= Benjamin Flounders =

Benjamin Flounders (17 June 1768 – 19 April 1846) was a prominent English Quaker with business interests in new industries and developments at the time of the mid-Industrial Revolution. These included the Stockton and Darlington Railway, of which he was a founding Director, and canals in his native North-East England. He operated his own family businesses successfully, with large interests in timber for shipbuilding during the Napoleonic Wars. He also owned two linen mills and large estates in Egham, Surrey and Glasgow.

== Early life ==

Flounders was born at Crathorne in 1768, and educated at Ackworth School, Leeds.

== Family ==

Flounders lost in 1801 his first wife Mary Walker, daughter of a Quaker shipbuilder, in childbirth with a premature baby. They had married two years previously. A daughter Mary born earlier in the marriage survived to adulthood. The same year, 1801. his sister died. In 1812 Flounders married, secondly, Hannah Chapman, another Quaker. In 1813 a son was born, but both mother and infant son died of tuberculosis later that year.

== New endeavours ==

Flounders became a JP for Shropshire. In 1813 he was one of three gentlemen nominated for appointment as High Sheriff of Shropshire but he declined on the grounds he lived permanently in Yarm and would therefore be living up to 180 miles away from Shrewsbury where the courts would be held. He appealed against similar nominations for similar reasons in 1814, 1820 and 1836. He also became JP for the counties of Durham and the North Riding of Yorkshire and, on 29 December 1817 he received a Church of England baptism at the parish church at Stainton, County Durham. He then became a Trustee of a new turnpike toll road, invested £10,000 in French water stocks, with further investment subsequently, and was successful in financial terms. After the death of his mother in 1829 he embarked on a Grand Tour in Europe with his daughter Mary, now 29, spending some time in Rome.

== Flounders' Folly ==

His best-known achievement is the eponymous Flounders' Folly in South Shropshire near Craven Arms and prominent on the skyline on Callow Hill, the highest point of Wenlock Edge. It commands extensive views over the surrounding Stretton Hills, Wenlock Edge, the Long Mynd and Clee Hills and even further afield to the Brecon Beacons, Radnor Hills, Malvern Hills and Black Mountains.

Flounders had inherited the Culmington estate just north of Ludlow, Shropshire, from his uncle Gideon Bickerdike who died in 1810. His neighbours there included of Robert Clive, the Earl of Craven and Sir Thomas Dyer, 7th Baronet. On his return from his travels Flounders started plans to build the folly. His agent was instructed to purchase the land on which the folly was to be erected. In 1836 construction began and the folly was finished in 1840.

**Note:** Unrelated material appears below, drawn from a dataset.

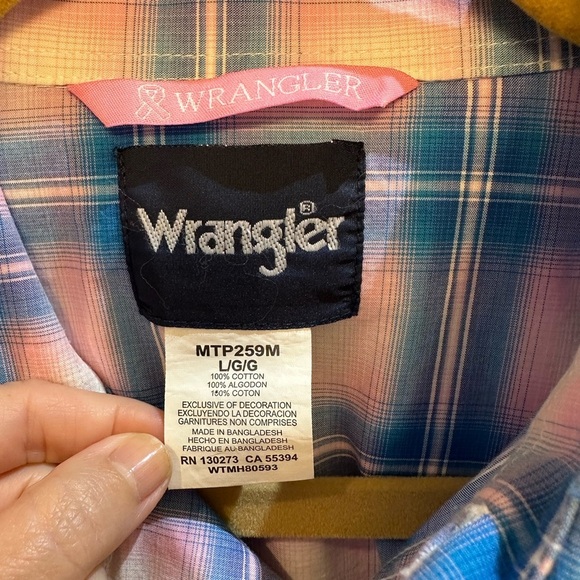 Wrangler Blue and Pink Plaid Shirt Size L Breast Cancer Awareness - Picture 3 of 4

== Mary's marriage and death ==
Around 1840 Flounders' daughter Mary was engaged to marry a Major Arthur Lowe in London, though he did not wholeheartedly approve. The couple were married but Mary died in 1844. Flounders and Lowe then fell out, over Mary's burial in the parish churchyard at Yarm. Flounders largely disinherited Lowe, to whom he left only an annuity. Benjamin wanted to be buried next to his daughter when he died, but Lowe, having fallen out with Benjamin deliberately bought a burial plot, next to the church-yard wall, deliberately, so it was impossible for the 2 to be buried together, However, not to be outdone, Benjamin bought the whole field behind the church wall, knocked down the wall and ensured no-one else could use the land meaning that Benjamin could be buried next to his beloved wife,

== Last years, death and legacy ==

From 1844–45 Flounders set his affairs in order. He died in 1846, aged 77. Quaker-founded schools in the North-East were major beneficiaries of his will, in which over 20 schools were mentioned including Barnard Castle School and Ackworth School. Following the death of the last annuitant from his estate in 1884, Yarm was provided with new premises for its Grammar School. The Flounders Institute at Ackworth was set up in 1848 as a Quaker male teacher training college, with support also from Joseph Rowntree.